* _Excerpts from a dataset_
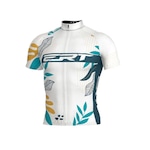 Camisa de Ciclismo ERT Classic Floral - Unissex BRANCO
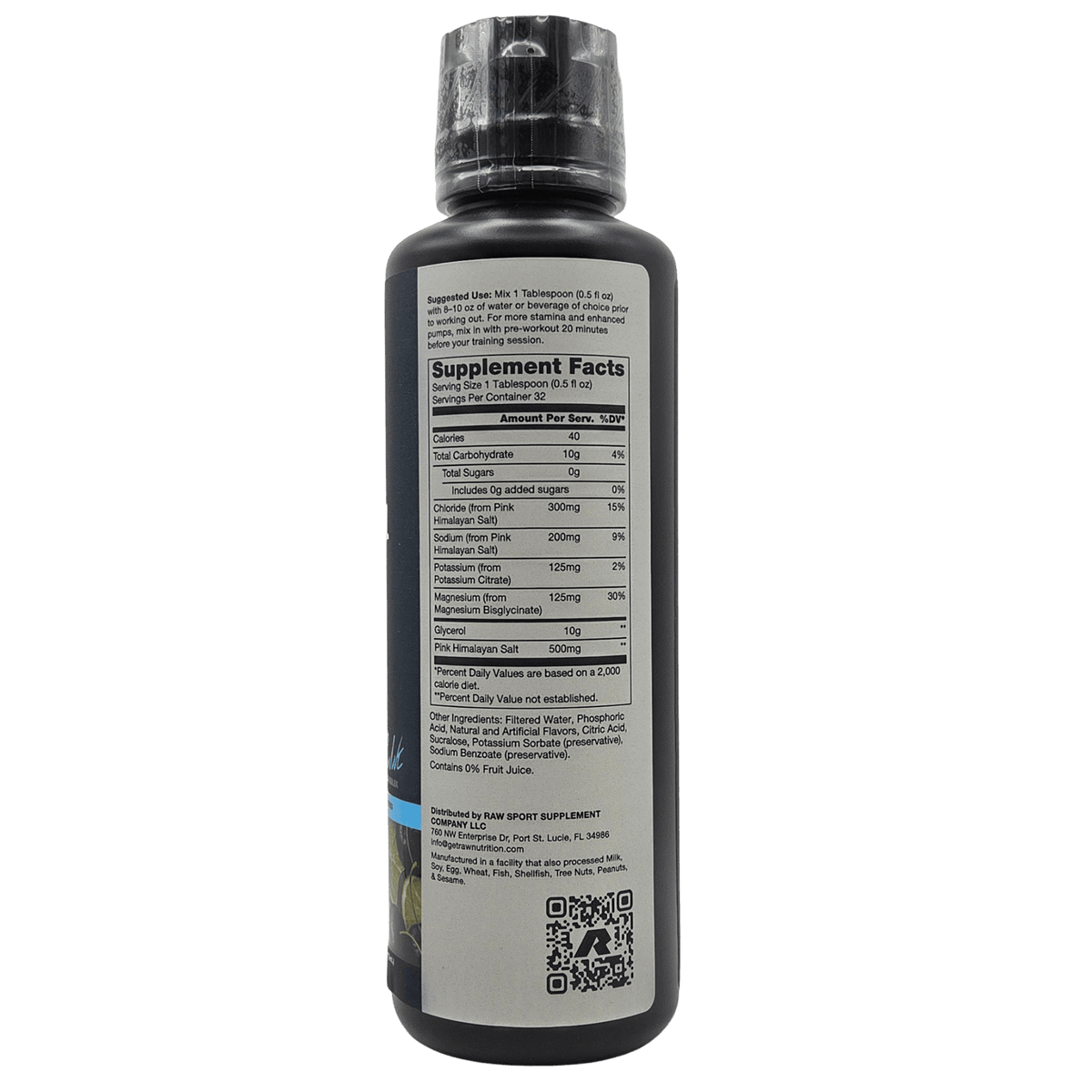 RAW Liquid Glycerol 32 servicios – Glicerol líquido - Supplab MX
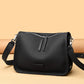 High-capacity Leather Womens Bag A Stylish Saddle-style Commuter Bag For Women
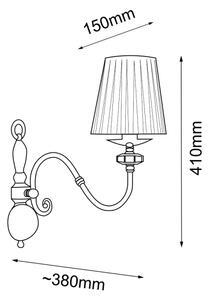 Amplex 8395 - Lampada da parete LILOSA 1xE14/10W/230V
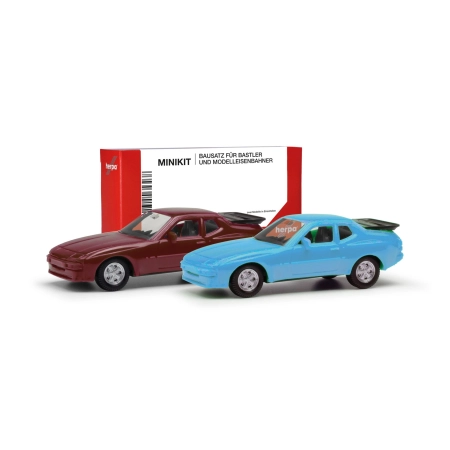 Herpa 012768-004 - Mini zestaw: Porsche 944, niebieski/czerwony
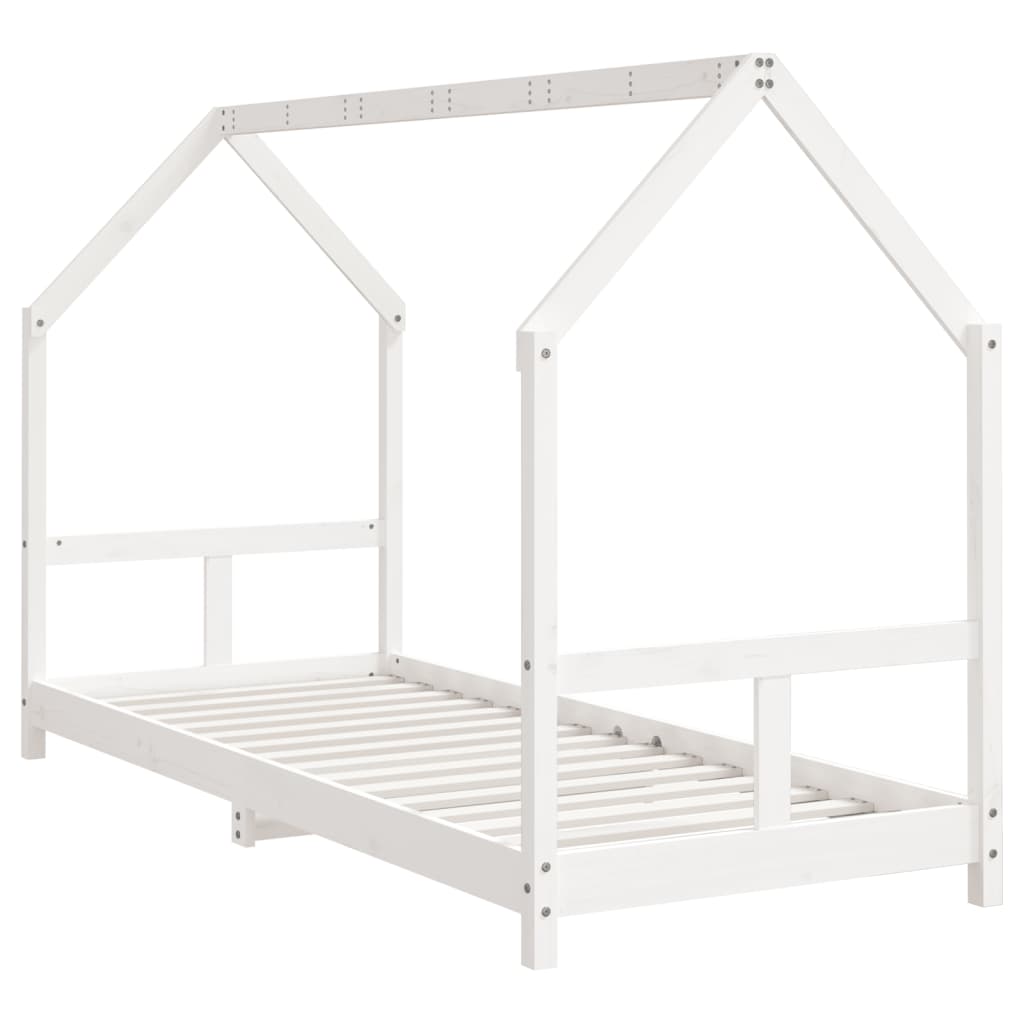 Kids Bed Frame White 80x200 cm Solid Wood Pine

* _To do_
The data should be printed again unchanged; leave its pictures out.

* _Response area_
 Camisa de Ciclismo ERT Classic Floral - Unissex BRANCO
 RAW Liquid Glycerol 32 servicios – Glicerol líquido - Supplab MX
 High-capacity Leather Womens Bag A Stylish Saddle-style Commuter Bag For Women
 Amplex 8395 - Lampada da parete LILOSA 1xE14/10W/230V
 Herpa 012768-004 - Mini zestaw: Porsche 944, niebieski/czerwony
 Kids Bed Frame White 80x200 cm Solid Wood Pine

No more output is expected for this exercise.